Cianidanol ([+ ]-Cyanidanol-3) Prevents the Development of Abdominal Adhesions in Rats

Author Affiliations

From the Department of Surgery B, Hadassah Medical Center (Drs Rivkind and Durst and Ms Marshood), and the Department of Molecular Virology, Hebrew University Hadassah Medical School (Dr Becker), Jerusalem.

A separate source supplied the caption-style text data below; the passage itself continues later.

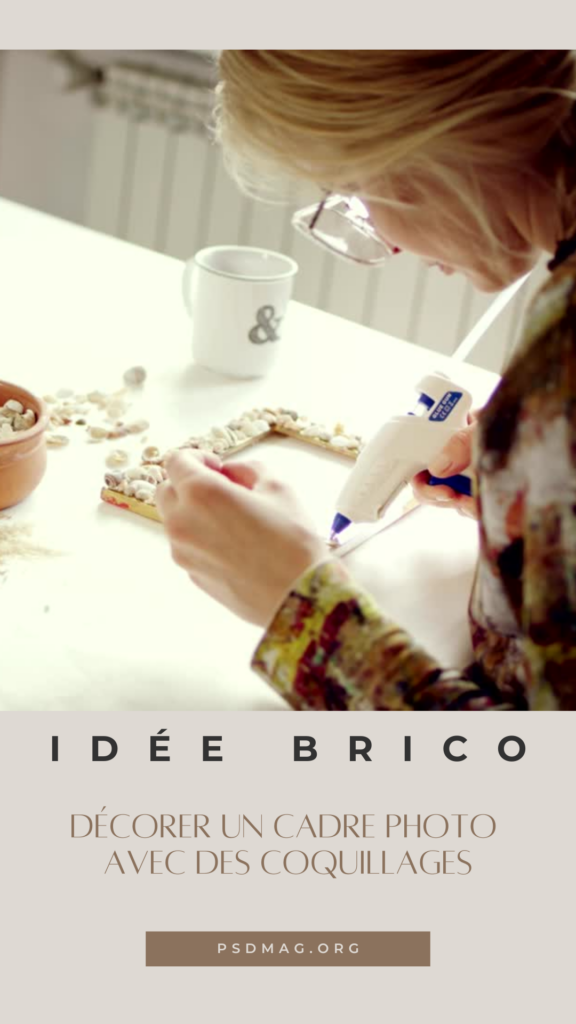 cadre photo coquillage diy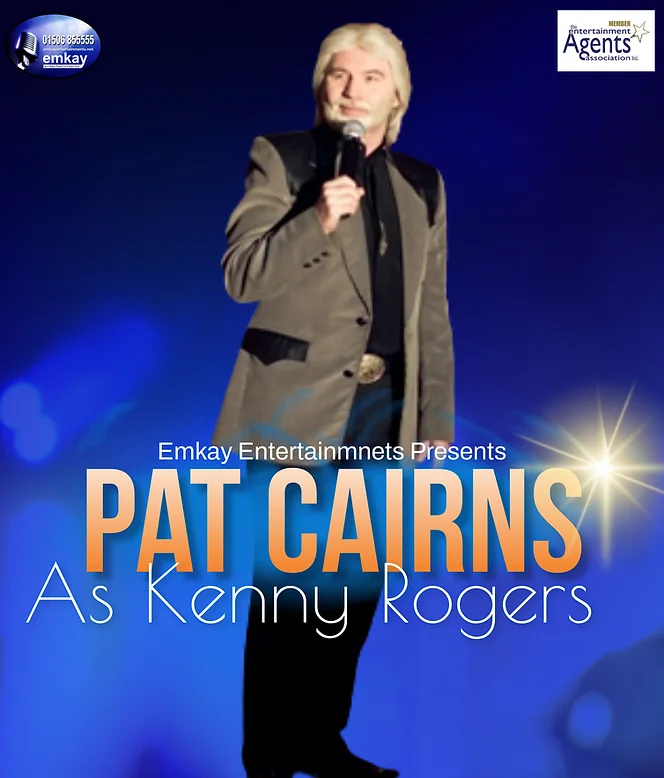 Hire Kenny Rogers Tribute | Pat Cairns | Emkay Entertainments Agency | Get A Quote Now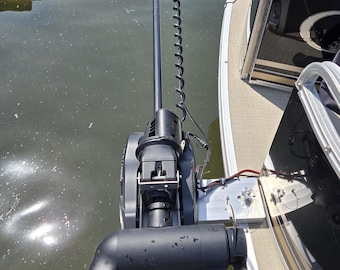 ToonBOSS Pontoon Boat Trolling Motor Quick Release Mount: Durable Aluminum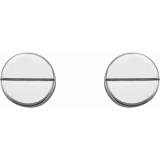 14K White Geometric Earrings - 86608600P photo 2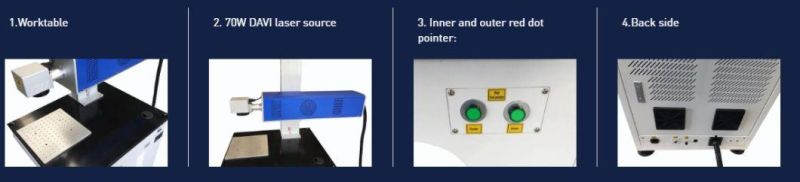Card RF Marking Equipment Paper Laser Cutting Machine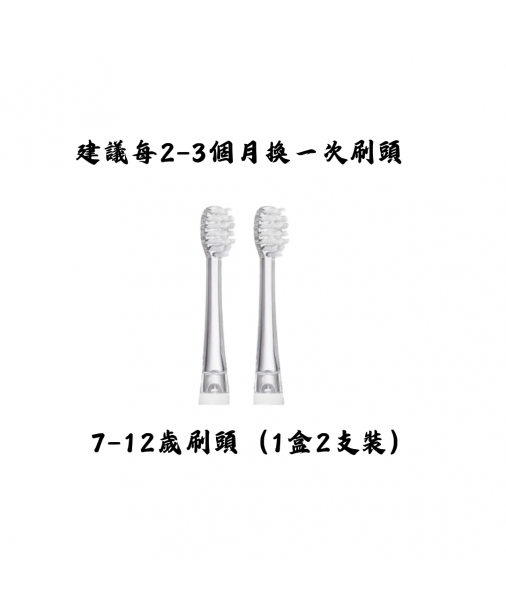 Marudai 7-12歲 軟毛刷頭（1盒共2入）【現貨】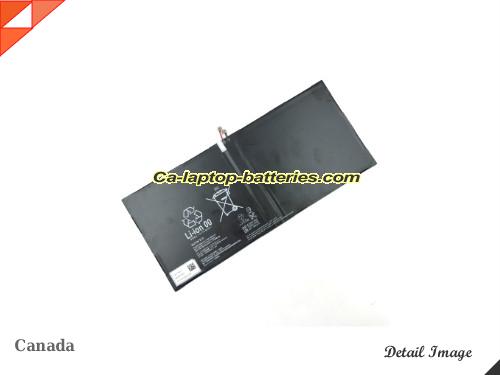 Genuine SONY Xperia Tablet Z2 SGP511 Battery For laptop 6000mAh, 22.8Wh , 3.8V, Black , Li-Polymer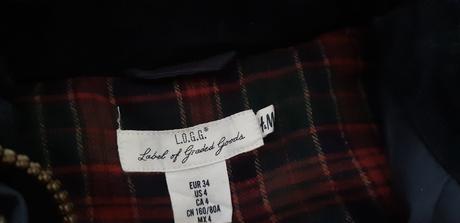 Tmavomodrá parka h&m, h&m,34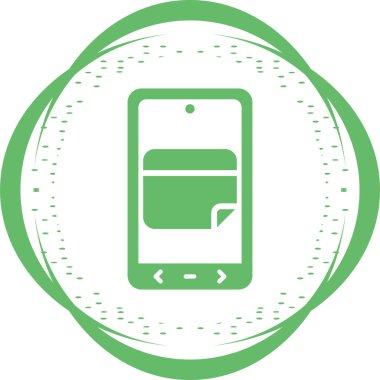 Akıllı telefon simgesindeki not düğmesi beyaz arkaplanda izole edildi 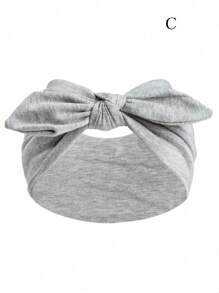 1pc Women's Bow Tie Rabbit Ear Headband, Boho Style Super Wide Cute Knotted Rabbit Ear Headband, Paisley Pattern, Elastic Solid Bow Hair Accessory, Suitable For Women, Yoga/Sports/Outdoor Activities, Solid Color Casual Polyester Fashion All Season (11 Color Options) Winter Scarf Women Soft Headband Women Hair Accessories Elegant Hair Band - Multicolor - View 14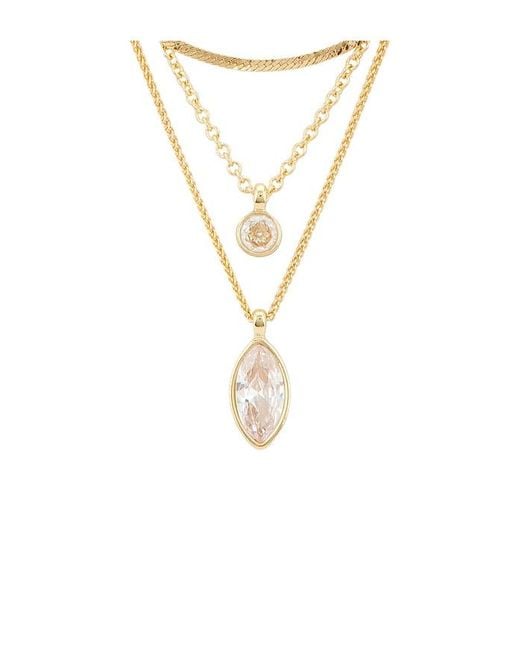 Ettika Metallic Classic Multi Stone Pendant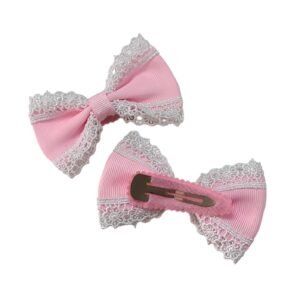 Lace hair clips for girls Jumeirah UAE elegant design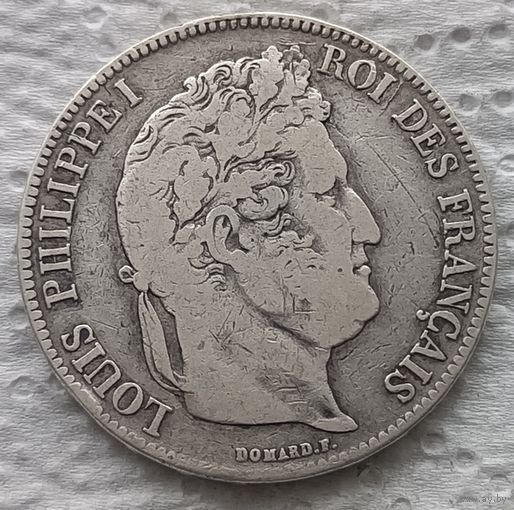 Франция 5 франков 1833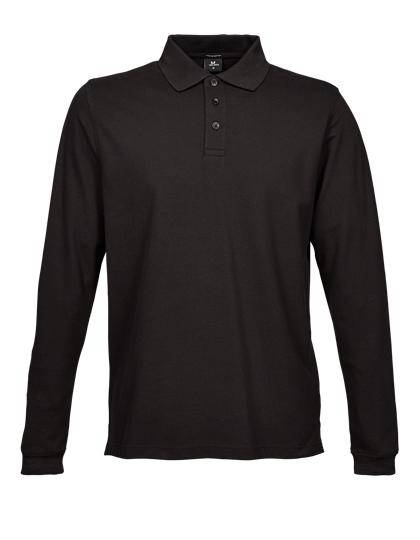 Epic Label Polos Tee Jays 1406 Luxury Stretch Long Sleeve Polo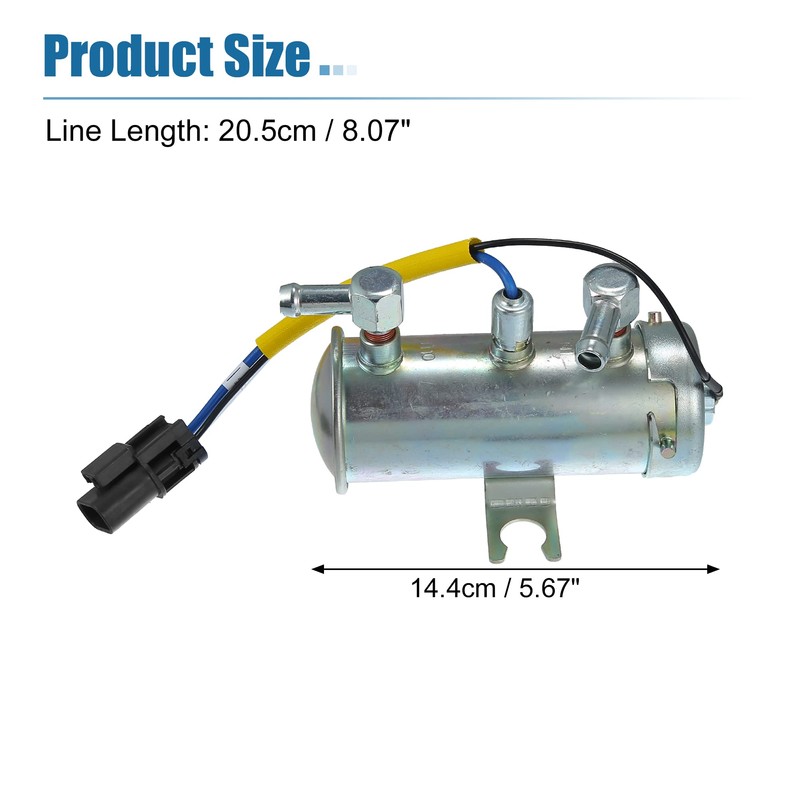X AUTOHAUX 1 Set 24V Universal Auto Electric Fuel Pump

Arch Surg. 1983;118(12):1431-1433. doi:10.1001/archsurg.1983.01390120053014

• Abdominal adhesions were experimentally induced in rats by gentle scraping. Severe adhesions developed in 38.7% of the control animals. The flavonoid cianidanol ([ +]-cyanidanol-3), an in vitro inhibitor of procollagen production, was administered intragastrically or intraperitoneally in doses of 9 to 72 mg per rat. Administered intraperitoneally at a dose of 36 or 72 mg per rat, cianidanol substantially inhibited adhesion formulation, when given immediately, three days, or five days after surgery. Oral administration of the drug was less effective in preventing the formation of adhesions. Thimerosal, another connective-tissue inhibitor, was found to be toxic at doses of 2.5 or 5 mg per rat, and its effect on the prevention of adhesion formation was poor. The ability of cianidanol to inhibit the development of abdominal adhesions in rats suggests that a possible approach to treatment is to inhibit the production of procollagen and thus prevent the formation of the collagenous fibers that are the cause of adhesions.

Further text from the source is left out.